*** Opening INFORMATION ***

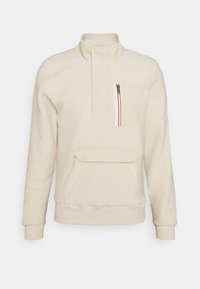 Pullover in pile color crema con colletto a mezza zip. Presenta una tasca frontale e una tasca sul petto con zip a contrasto e dettagli rossi.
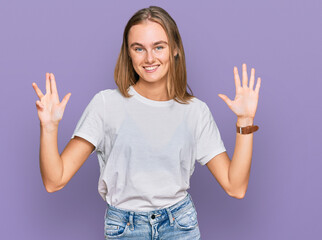 Beautiful young blonde woman wearing casual white t shirt showing and pointing up with fingers...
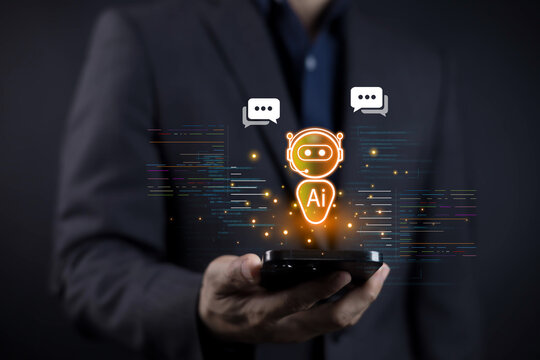 Artificial intelligence chatbot technology concept. Businessman holding smartphone with glowing AI robot icon and digital communication symbols, and smart virtual assistant solutions.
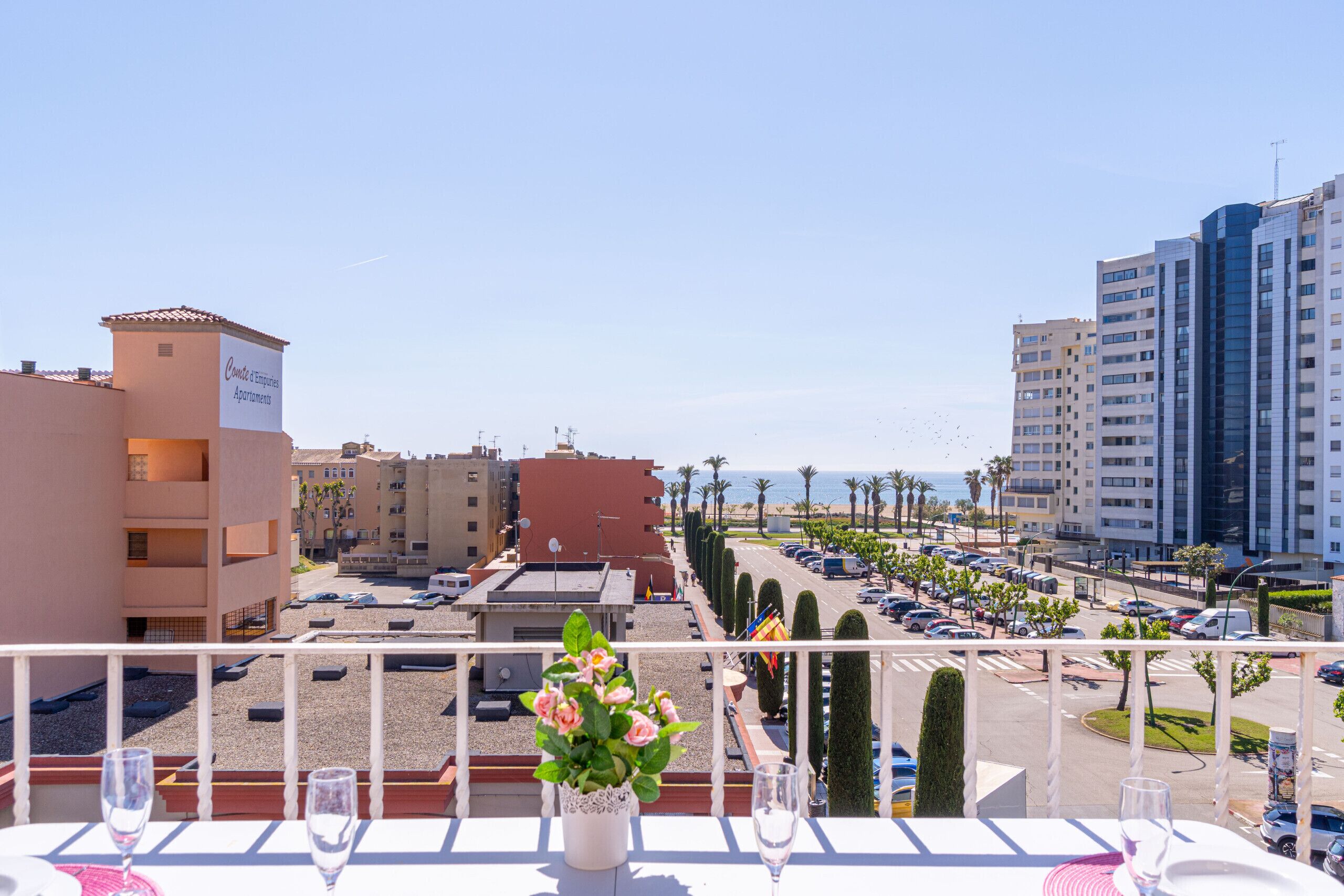 A balcony with a table set for dining, overlooking a parking area and buildings.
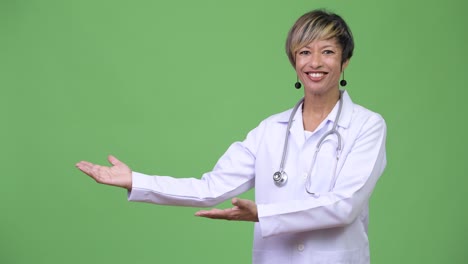 madura hermosa mujer multiétnica médico mostrando algo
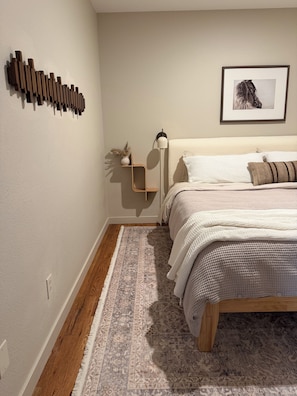 Un dormitorio con cama, mesita de noche, lámpara de pie, alfombra y aplique de pared.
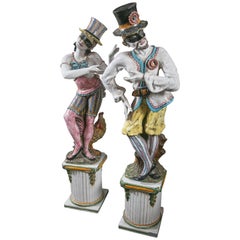 Pair of Glazed Terra Cotta Masqueraders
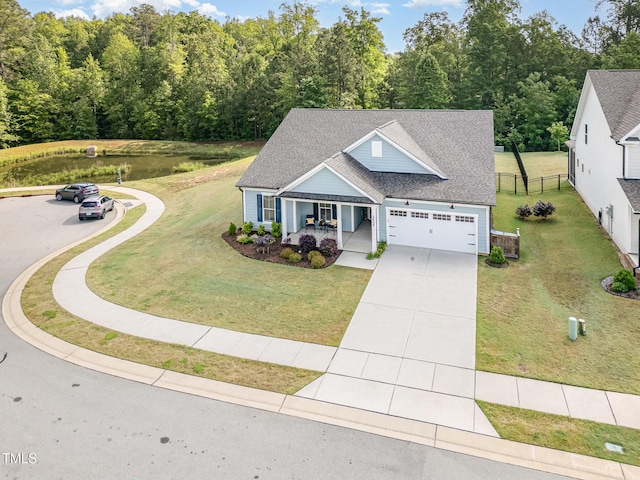 view of front of home featuring covered porch, roof with shingles, driveway, and an attached garage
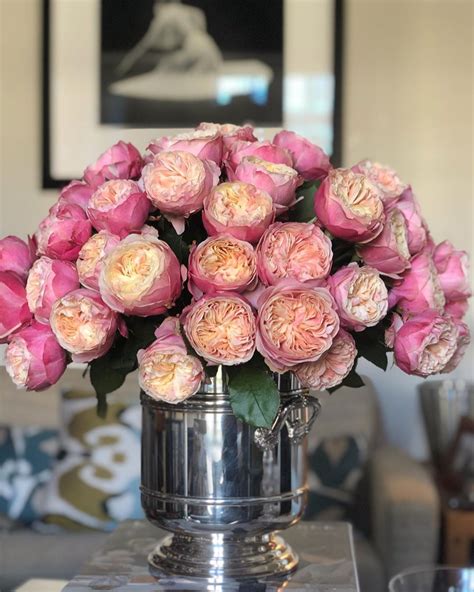 A Vase Filled With Pink Flowers Sitting On Top Of A Table Next To A Couch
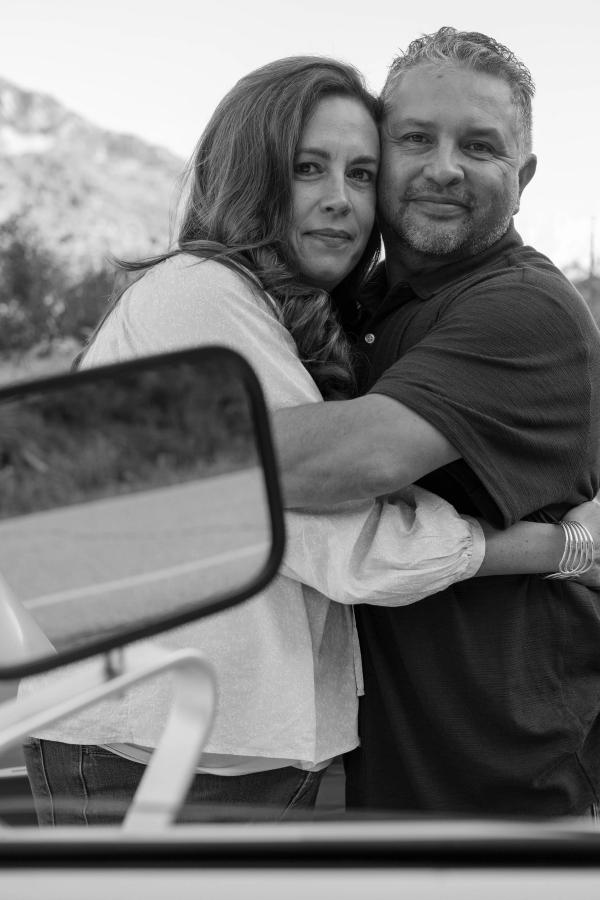 Black and white portrait of a couple embracing by the truck mirror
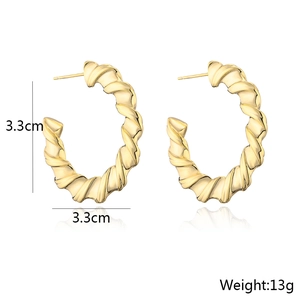 Detail view of 3.3cm gold-plated spiral hoop earrings with size and weight specs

*** Closing INFORMATION ***

Transcribe exactly each line of the records from the start up to and including the one with "A Vase Filled", and leave out every picture.

**REPLY:**
 Pullover in pile color crema con colletto a mezza zip. Presenta una tasca frontale e una tasca sul petto con zip a contrasto e dettagli rossi.
 Beautiful young blonde woman wearing casual white t shirt showing and pointing up with fingers...
 Artificial intelligence chatbot technology concept. Businessman holding smartphone with glowing AI robot icon and digital communication symbols, and smart virtual assistant solutions.
 A balcony with a table set for dining, overlooking a parking area and buildings.
 madura hermosa mujer multiétnica médico mostrando algo
 Un dormitorio con cama, mesita de noche, lámpara de pie, alfombra y aplique de pared.
 Pair of Glazed Terra Cotta Masqueraders
 view of front of home featuring covered porch, roof with shingles, driveway, and an attached garage
 A Vase Filled With Pink Flowers Sitting On Top Of A Table Next To A Couch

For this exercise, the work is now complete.